Log Files Related to Caching

If a cache server machine name or IP address is invalid, you'll get verbose messages on the command line. You'll also get the messages in log files.

  • cache.log -- Output from the cache processes, showing start flags, restarts, and general errors.
  • cache-gc.log -- Output from garbage collection of the cache process.
  • cache-service.log -- Output from the cache service watchdog daemon, which restarts the cache service as needed and logs interruptions in service.
  • cache.out -- Cache startup messages.

Use the appsupport Tool to Collect Cache Logs and Configuration

The appsupport tool, which gathers system information for communicating with Jive support, also collects caching information (unless you specify not to). For more information, see appsupport Command.

Configure Address of Node Previously Set with tangosol.coherence.localhost

If, prior to version 4.5, you set the VM property -D tangosol.coherence.localhost on your application instance, you'll need to enter the IP address (not name) of that node in the cluster. To do this, enter the node's IP address in the Local Cluster Address in the Cluster Admin Console page. For more information, see Setting Up a Cluster.

Cache Server Configuration Issue

When you are configuring a cache server with its address, you may need to use its IP address or its domain name, depending on the Jive version. For more information, see Setting Up a Cache Server.

Misconfiguration Through Mismatched Cache Address Lists

If you have multiple cache servers, the configuration list of cache addresses for each must be the same. A mismatched configuration will show up in the cache.log file. For example, if two servers have the same list, but a third one doesn't, the log will include messages indicating that the third server has one server but not another, or that a key is expected to be on one server, but is on another instead.

To fix the problem, ensure that each cache server is configured with identical cache address lists. You'll find the lists in the file at etc/jive/conf/cache.conf; the cache_addresses line has the value that should be identical. Shut down the cluster, open /etc/jive/conf/cache.conf, and edit the list of cache addresses so that the list is identical on all servers.

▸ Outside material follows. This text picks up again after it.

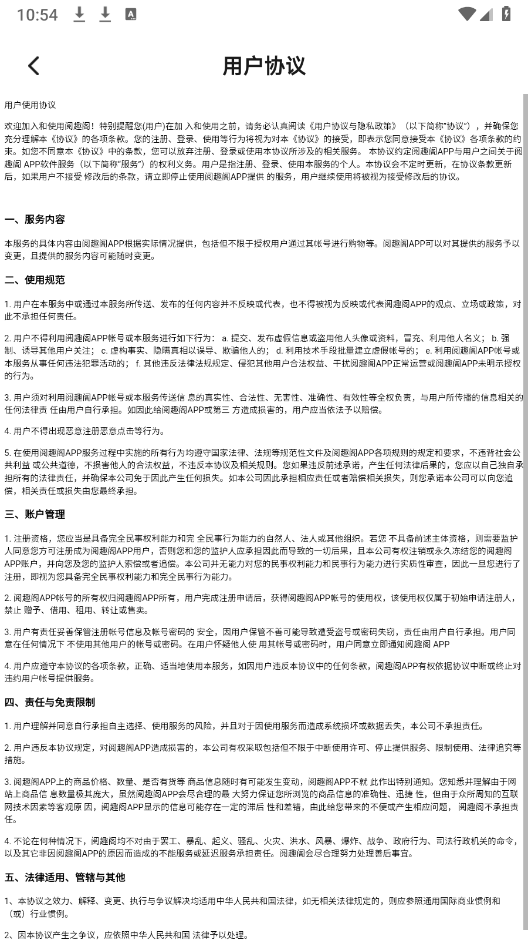 阅趣阁通用版图3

For more information, see Managing In-Memory Cache Servers.
CAUTION:
If you're setting up more than one cache server machine, you must use three or more. The CACHE_ADDRESSES value should list them in a comma-separated list. Using only two cache servers is not supported and can cause data loss.

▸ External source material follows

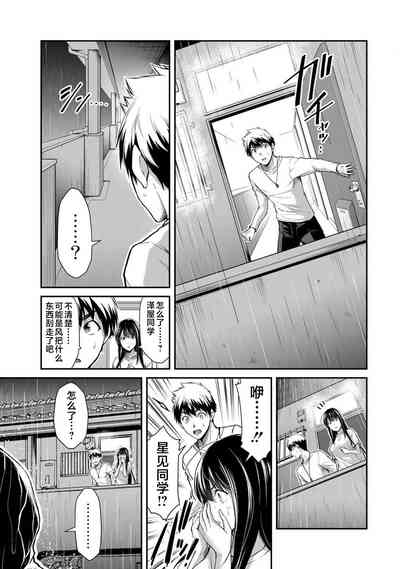 第143页图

Cache Server Banned Under Heavy Load

Under extreme load, an application server node may be so overwhelmed that it may ban a remote cache server for a small period of time because responses from the cache server are taking too long. If this occurs, you'll see it in the application log as entries related to the ThresholdFailureDetector.

This is usually a transient failure. However, if this continues, take steps to reduce the load on the application server to reasonable levels by adding more nodes to the cluster. You might also see this in some situations where a single under-provisioned cache server (for example, a cache server allocated just a single CPU core) is being overwhelmed by caching requests. To remedy this, ensure that the cache server has an adequate number of CPU cores. The minimum is two, but four are recommended for large sites.

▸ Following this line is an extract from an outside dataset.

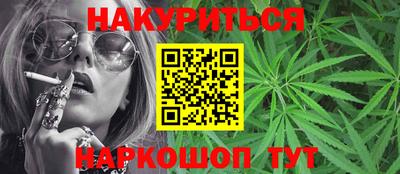 марки lsd Дубна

Banned Node Can Result in Near Cache Mismatches

While the failure of a node won't typically cause caching to fail across the cluster (cache data lives in a separate cache server), the banning of an unresponsive node can adversely affect near caches. This will show up as a mismatch visible in the application user interface.

An unresponsive node will be removed from the cluster to help ensure that it doesn't disrupt the rest of the application (other nodes will ignore it until it's reinstated). Generally, this situation will resolve itself, with the intermediate downside of an increase in database access.

If this happens, recent content lists can become mismatched between nodes in the cluster. That's because near cache changes, which represent the most recent changes, are batched and communicated across the cluster. If the cluster relationship is broken, communication will fail between the banned node and other nodes.

After First Startup, Node Unable to Leave Then Rejoin Cluster

After the first run of a cluster -- the first time you start up all of the nodes -- nodes that are banned (due to being unresponsive, for example) might appear not to rejoin the cluster when they become available. That's because when each node registers itself in the database, it also retrieves the list of other nodes from the database. If one of the earlier nodes is the cluster coordinator -- responsible for merging a banned cluster node back into the cluster -- it will be unaware of a problem if the last started node becomes unreachable.

To avoid this problem, after you start every node for the first time, bounce the entire cluster. That way, each will be able to read node information about all of the others.

For example, imagine you start nodes A, B, and C in succession for the first time. The database contained no entries for them until you started them. Each enters its address in the database. Node A starts, registering itself. Node B starts, seeing A in the database. Node C starts, seeing A and B. However, because node C wasn't in the database when A and B started, they don't know to check on node C -- if it becomes unreachable, the won't know and won't inform the cluster coordinator. (Note that the coordinator might have changed since startup).

If a node leaves the cluster, the coordinator needs to have the full list at hand to re-merge membership after the node becomes reachable again.